Disclaimer: Still not an official WG response.

On Jan 27, 2008, at 05:36, Brian Smith wrote:

> Henri Sivonen wrote:
>> It is possible, but I think that developing such encodings is
>> the wrong thing to do. UTF-8 can express all Unicode
>> characters, so new encodings will be incompatible with
>> existing software with no improvements in Unicode expressiveness.
>
> UTF-8 is only efficient for European languages. For non-European
> languages, BOCU and SCSU offer a significant savings:
> http://unicode.org/notes/tn6/tn6-1.html. UTF-8's design forces the
> people of the world with the least money to use the most network
> bandwidth and storage space.

It's a common mistake to compare compactness of Unicode-specific  
compression schemes against uncompressed UTF-8. Encoding HTML5 as  
UTF-8 and compressing the result using gzip on the HTTP layer already  
works and is backwards-compatible.

BOCU-1 and SCSU are not supported by current browsers, so even if  
support were added in the future, using them would force the people  
with the least money to upgrade their systems the soonest (presumably  
at non-trivial cost).

>>>> However, encoding proliferation is a  problem.
>
> If BOCU and/or SCSU were more widely supported, then legacy encodings
> like TIS-620 (Thai encoded as single bytes) could reasonably fade  
> away.

Legacy on the Web doesn't fade away enough to allow support to be  
dropped. UAs will always have to support TIS-620. So if you are  
concerned that gzipped UTF-8 isn't compact enough for Thai, gzipped  
TIS-620 will always be more compatible than BOCU-1 or SCSU (given that  
legacy software never fully fades away, either).

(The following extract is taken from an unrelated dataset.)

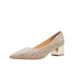 Women's Shoes Wedding Party Style No Tiring Wedding Dress Wedding Bridal Shoes Champagne Gold Thick Heel Bridesmaid High Heels Large Size_vogvips.com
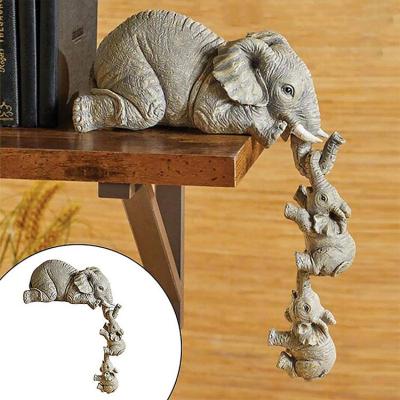 China Europe Elephant Sculpture Craft Home Ornaments 3-Piece Mother Elephant Hanging 2 Baby Elephant Figurines for sale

>> Developers are free to waste their time on encodings when
>> they do things in the RAM space of their own applications.
>> Communications on the public Web affect other people, so
>> developers who implement pointless stuff waste the time of
>> other developers as well when they need to interoperate with
>> the pointlessness.
>
> Encodings that offer savings over UTF-8 are not a waste of time.

The waste of time comment was particularly about UTF-32.

>>> But for some scripts and applications UTF-32 could be more straight
>>> forward than UTF-16.
>>
>> In some cases UTF-32 might be preferable in RAM. UTF-32 is
>> never preferable as an encoding for transferring over the
>> network. HTML5 encoded as UTF-8 is *always* more compact than
>> the same document encoded as UTF-16 or UTF-32 regardless of
>> the script of the content.
>
> UTF-8 is significantly less compact than SCSU/BOCU for most peoples'
> native languages.


For such arguments, gzip should always be considered and the  
compatibility benefits of UTF-8 + gzip be appreciated.

-- 
Henri Sivonen
hsivonen@iki.fi
http://hsivonen.iki.fi/

Received on Sunday, 27 January 2008 09:45:39 UTC